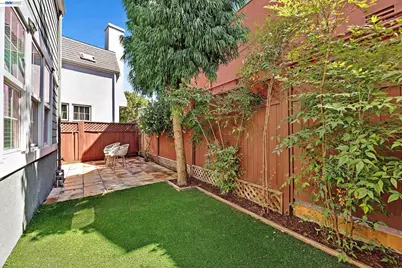 1015 Greenbrier Ct, San Leandro, CA 94577 - Photo 27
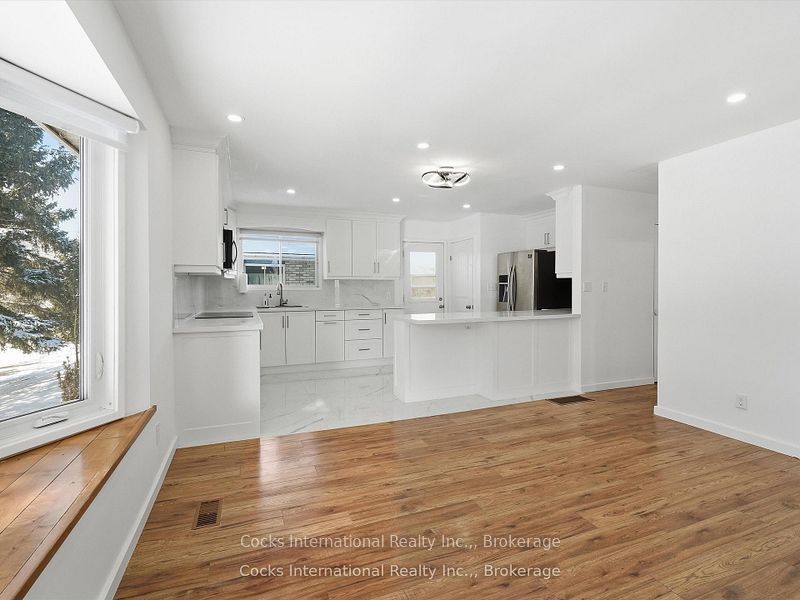 36 Susan Street W Property Photo 15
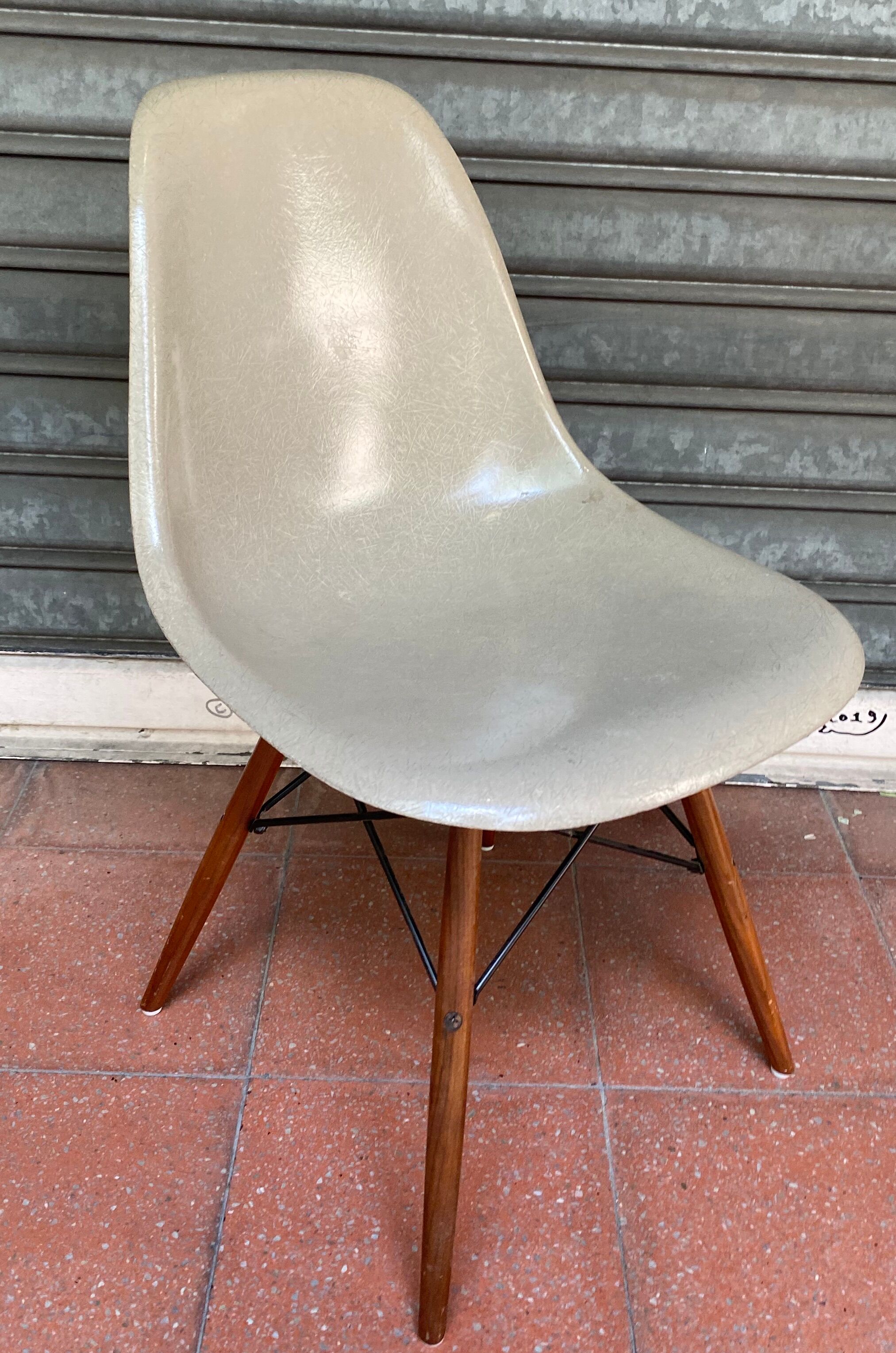 DSW Fiberglass Chair - Charles Eames - 50s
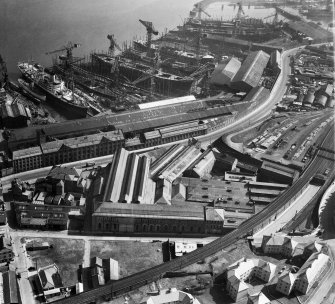 John G Kincaid and Co. Ltd. Arthur Street Engine Works and Scott's Shipbuilding and Engineering Co. Ltd. Cartsburn Shipyard, Cartsdyke, Greenock.  Oblique aerial photograph taken facing north-east.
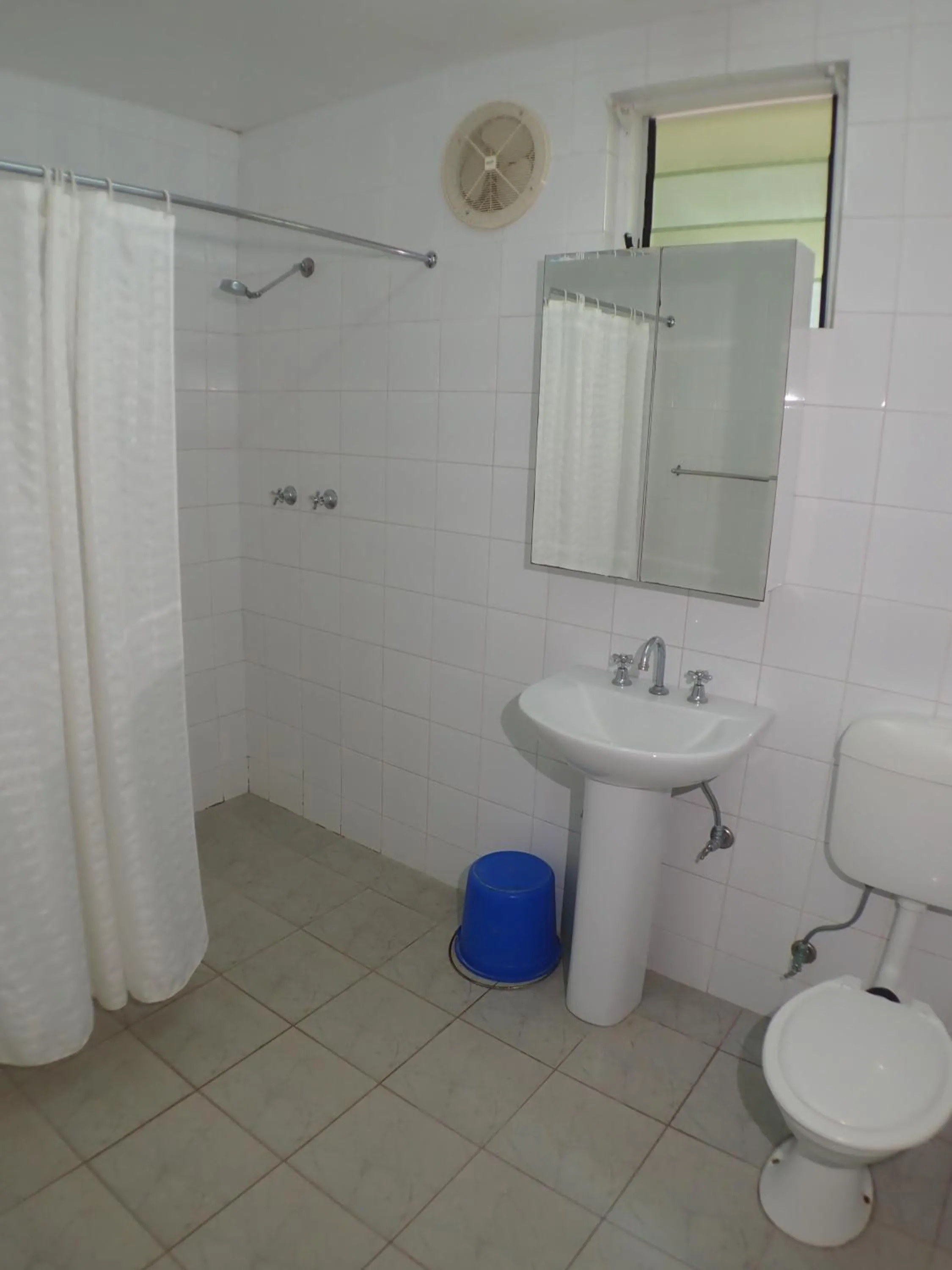 Taklam Lodge And Tours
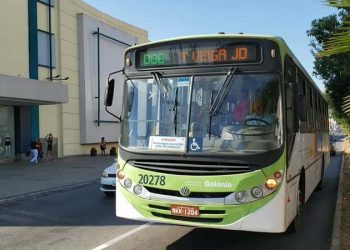 Ônibus na Avenida Rio Verde, entre Goiânia e Aparecida de Goiânia | Foto: Folha Z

> **Activity**:
The reply needs to repeat exactly the line containing "John G Kincaid" and each line after it, through the final line of the entries above, and to skip the pictures.

> **Answer**:
 John G Kincaid and Co. Ltd. Arthur Street Engine Works and Scott's Shipbuilding and Engineering Co. Ltd. Cartsburn Shipyard, Cartsdyke, Greenock.  Oblique aerial photograph taken facing north-east.
 Taklam Lodge And Tours
 Ônibus na Avenida Rio Verde, entre Goiânia e Aparecida de Goiânia | Foto: Folha Z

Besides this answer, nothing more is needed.